The tariff reduction was critical for Indian component makers, who reported that US customers had been hesitant to order parts due to high duties, a situation that risked worsening further.

“New contracts that are due are a little bit in limbo, whereas existing supply chains continue because a supplier has to go through qualification processes and stringent approval processes. It is not very easy for an original equipment manufacturer (OEM) to switch suppliers,” Acma’s Singhania said in a press conference last month.

“We have seen that the tariff imposed by the US on much of the world, including India, has led to a lot of hesitation from companies in the US and the NAFTA region to source new projects from companies in India,” Sriram Vij, Acma president-designate, said at the same conference.

NAFTA stands for North American Free Trade Agreement, and includes the US, Canada, and Mexico, which trade goods and services with reduced or zero tariffs under the pact.

In the first half of financial year 2026, auto part exports to the US declined slightly to $3.64 bn, as per Acma data, compared to $3.67 bn exports in the same period a year ago.
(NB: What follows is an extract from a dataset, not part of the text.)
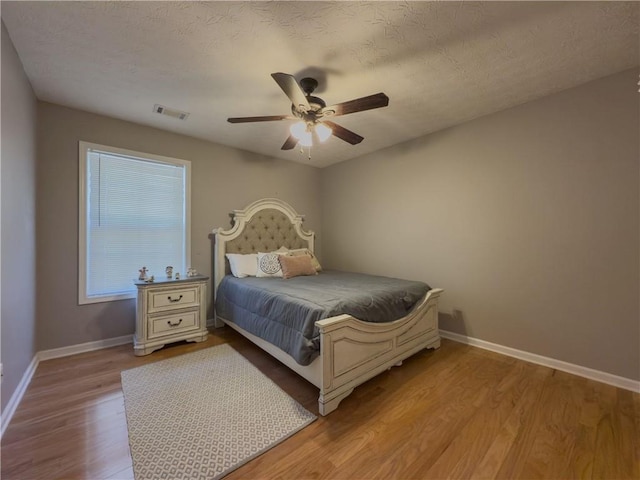 bedroom featuring baseboards, visible vents, ceiling fan, and wood finished floors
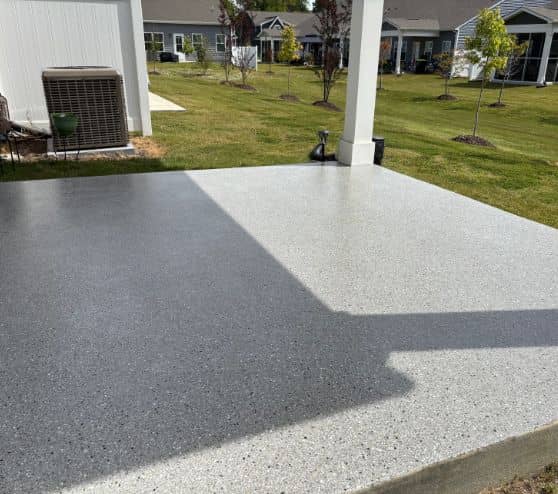 homeowner patio with new epoxy flake flooring installed side view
But, procurement bills for US importers will remain higher than they were a year ago, when the US had a low 2.5% tariff before president Trump announced reciprocal tariffs in April 2025.

Elevated costs

But, according to Sharma of Nomura Research Institute, the deal gives “seemingly some certainty” to India’s exporters, as the US has indicated that it will reimpose the punitive 25% tariff if India continues importing Russian crude oil.
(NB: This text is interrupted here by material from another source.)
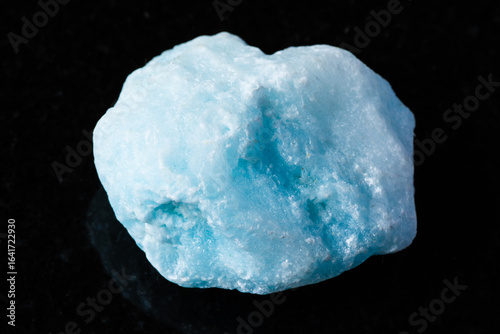 sample of raw blue aragonite mineral on black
Experts suggest that although US customers will pay higher bills, it is not easy to shift supplier base easily, as there are long-standing relationships between Indian companies and US customers, which are not easy to move away from.

“It is true that the 18% tariff is still higher than the 2.5% levy a year ago, but supply chains are difficult to build and rebuild,” said Sharma.

“Many components, namely castings, forgings, wiring harnesses, electronics housings are capacity-constrained, labour intensive, and high-cost in the US, and may also require higher environmental/compliance approvals,” Vinay Piparsania, founder at MillenStrat Advisory & Research, an auto-focused consultancy, said.

He added that with India and US finalizing a trade agreement, Indian products will have predictability in terms of pricing, which will help US customers make their decisions.

India’s GVC push

To be sure, some of India’s largest auto parts companies such as Samvardhana Motherson and Sona Comstar have manufacturing and assembly units in the US and in neighbouring countries such as Mexico, which are tariff-free, since the US market is one of the largest among other automotive hubs in the world.

The US, Germany, China, and India are some of the world’s key vehicle-making hubs, which form crucial markets for auto parts makers.

The strategy to make and assemble in the US is aligned with Trump’s efforts to protect the US auto industry by promoting US-made vehicles and locally-sourced parts.

US President Trump in April 2025, weeks after announcing reciprocal tariffs in his ‘Liberation Day’ address, announced a proclamation for protecting the US automobile industry by increasing tariffs on imported cars and spare parts. This happened because nearly half of the vehicles sold in the US in 2024 were imported, according to an April 2025 White House statement. The statement also noted that the US trade deficit in automobile parts reached $93.5 billion in 2024.

Meanwhile, India has noted the lack of made-in-India products in the auto parts sector in global value chains (GVCs). The ministry of heavy industries is working on an incentive package to provide capital and operational support, as well as benefits for research and development, for the country’s auto parts sector and increase India’s share in GVCs, Mint reported in August 2025.

The latest economic survey for FY26 noted that India needs to recalibrate its industrial approach and focus on strategic resilience instead of the goal of becoming self-reliant in each sector. For this, India needs to focus on building top-quality products in key areas of global value chains where it can be competitive, the survey prepared by chief economic advisor V. Anantha Nageswaran had said.